▶ _What you will do_
Return nothing but the lines from the one with "This was a nine-year-old" through the one with "Respected everybody, a" in the data below, word for word and without pictures.

START Task input

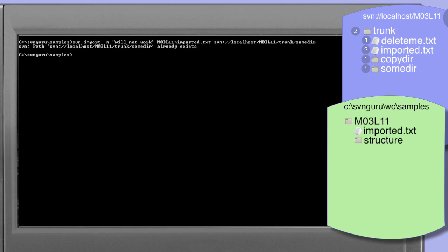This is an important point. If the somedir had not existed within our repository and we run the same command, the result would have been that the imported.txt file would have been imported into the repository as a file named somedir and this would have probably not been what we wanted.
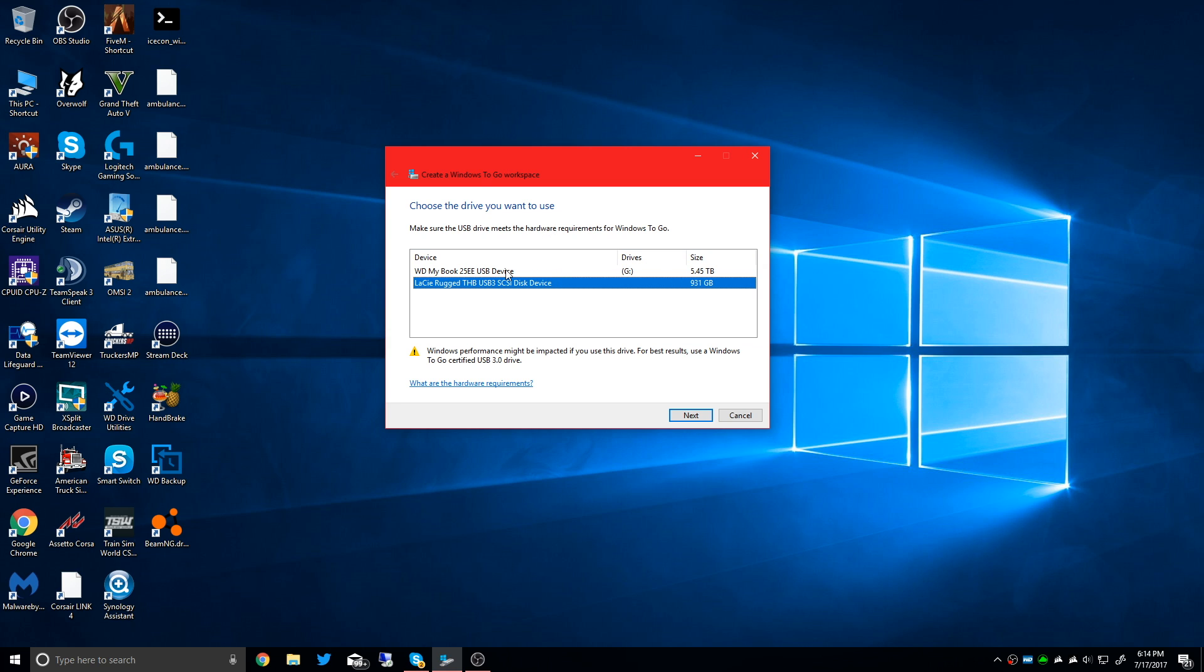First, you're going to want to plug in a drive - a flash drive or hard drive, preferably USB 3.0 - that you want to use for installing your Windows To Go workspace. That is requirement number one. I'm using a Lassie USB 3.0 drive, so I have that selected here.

END Task input
START Task input

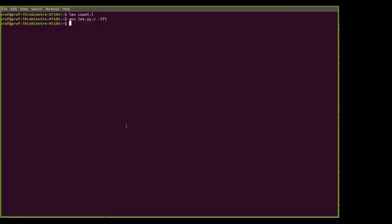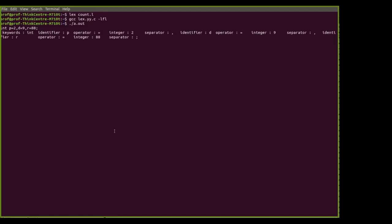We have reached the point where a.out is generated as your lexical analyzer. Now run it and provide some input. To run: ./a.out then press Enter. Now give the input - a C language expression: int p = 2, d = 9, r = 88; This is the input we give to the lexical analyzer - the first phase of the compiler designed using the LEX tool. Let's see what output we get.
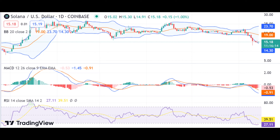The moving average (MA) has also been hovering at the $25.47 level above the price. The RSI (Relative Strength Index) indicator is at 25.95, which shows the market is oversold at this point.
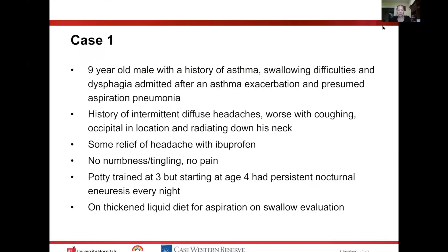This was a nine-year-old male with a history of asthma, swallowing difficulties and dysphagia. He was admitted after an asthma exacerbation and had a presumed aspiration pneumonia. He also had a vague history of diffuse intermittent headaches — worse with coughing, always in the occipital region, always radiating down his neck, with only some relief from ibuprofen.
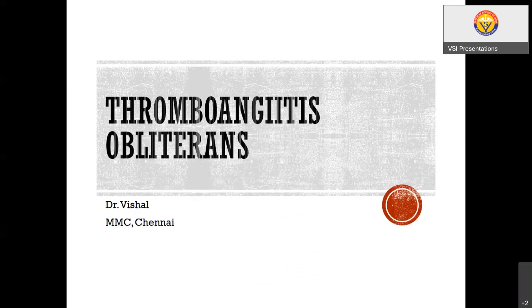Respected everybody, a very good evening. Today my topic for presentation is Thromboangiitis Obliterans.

END Task input
START Task input

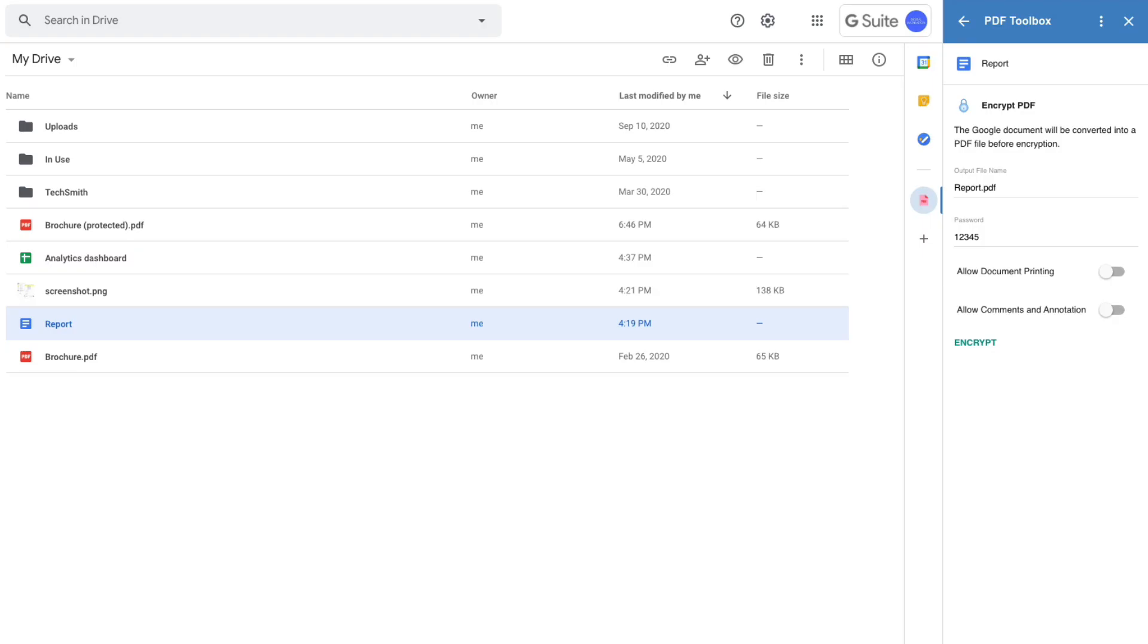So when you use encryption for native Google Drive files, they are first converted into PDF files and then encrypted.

END Task input

▶ _Solution_
This was a nine-year-old male with a history of asthma, swallowing difficulties and dysphagia. He was admitted after an asthma exacerbation and had a presumed aspiration pneumonia. He also had a vague history of diffuse intermittent headaches — worse with coughing, always in the occipital region, always radiating down his neck, with only some relief from ibuprofen.
Respected everybody, a very good evening. Today my topic for presentation is Thromboangiitis Obliterans.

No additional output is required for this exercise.